Soriano was not alone in contributing to the collapse. It was a team effort. Ryan Dempster had been nearly unbeatable at Wrigley Field this season. This was the major reason that Lou Piniella chose him to start the first game rather than Carlos Zambrano. Dempster couldn’t get out of the fifth inning and was chased by a grand slam by James Loney. It not only decided the game early, but perhaps even the entire series. Dempster gave up only four hits, but he managed to walk seven, something that defies rational explanation, one of those terms you don’t use when discussing the Cubs.

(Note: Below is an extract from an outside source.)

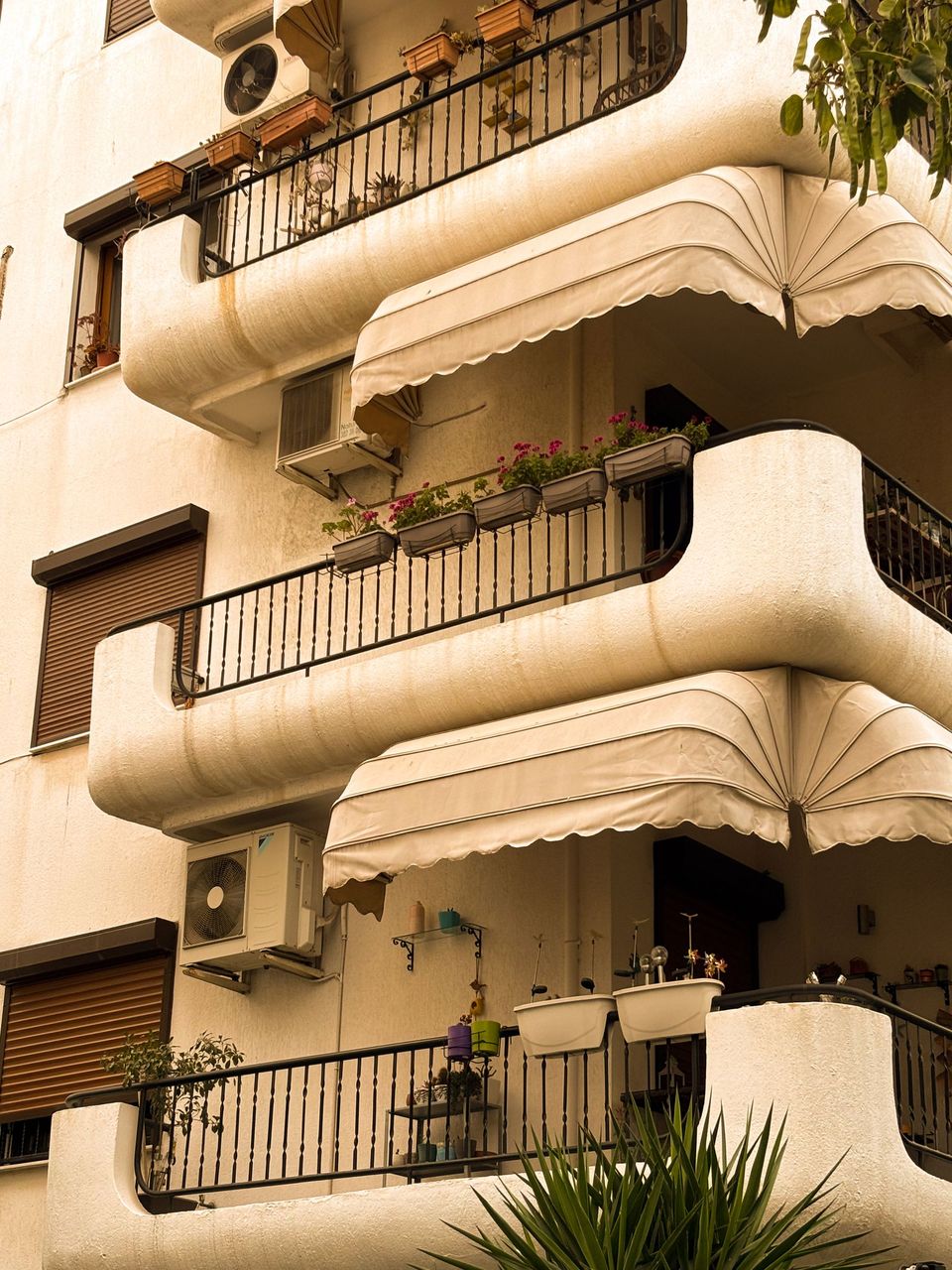 Stores bannes sur des balcons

The second game continued the pattern of the unprecedented, another term that should probably never be used in conjunction with the Cubs. This time it was the fielding that fell apart. Each of the sure-handed infielders managed to commit an error, several of which contributed to the disaster. Carlos Zambrano pitched a fairly good game, certainly one that would normally (yet another prohibited term in Cubspeak) have produced a win. Zambrano gave up only three earned runs and six hits in six plus innings while striking out seven. Unfortunately the Dodgers scored seven runs off Zambrano and added three more in final two innings.

Last Saturday in Los Angeles Dodger pitchers scattered eight hits, struck out nine Cubs, and the Cubs left nine men on base for a grand total of twenty-three over the three game sweep. In the final game the Cubs produced a zombie-like performance and there was anger in Wrigleyville after the mighty Soriano had struck out.

Have we reached the point after over a century that the “loveable losers” are no longer lovable? Say it isn’t so.

More to the point, what can be done? In the case of the Cubs I have some suggestions.

First, all those who think that there is no curse must give up that fiction. There are curses and they have to be faced down. In the matter of the goat it may be necessary, and I know it is not a happy thought, to have goat night at Wrigley Field. Or perhaps the Cubs need to have a goat mascot who could be kept in the bleachers where it could live on all the junk the Bleacher Bums bring to the games.

Then there is the case of Steve Bartman. Cub fans need to atone for their sins. To destroy a man’s life because he tried to get a foul ball during a playoff game is over the top. Bartman’s behavior may be seen as thoughtless or nerdy, but it certainly did not require the destruction of Bartman’s life. So I propose Steve Bartman night at Wrigley Field at which time a plaque is placed on the Bartman seat commemorating and celebrating the event. Bartman should be given this as a lifetime seat for Cubs’ games.

These gestures might be a start. And let’s face it: times are desperate. It has been over a century. I don’t want my “1908” T-Shirt to be useful for another hundred years. Time is running out on the “loveable losers,” and if the Cubs become simply “losers” again, those afternoon September crowds of the mid-60s that seldom exceeded double digits could return to the Friendly Confines.

On Sport and Society this is Dick Crepeau reminding you that you don't have to be a good sport to be a bad loser.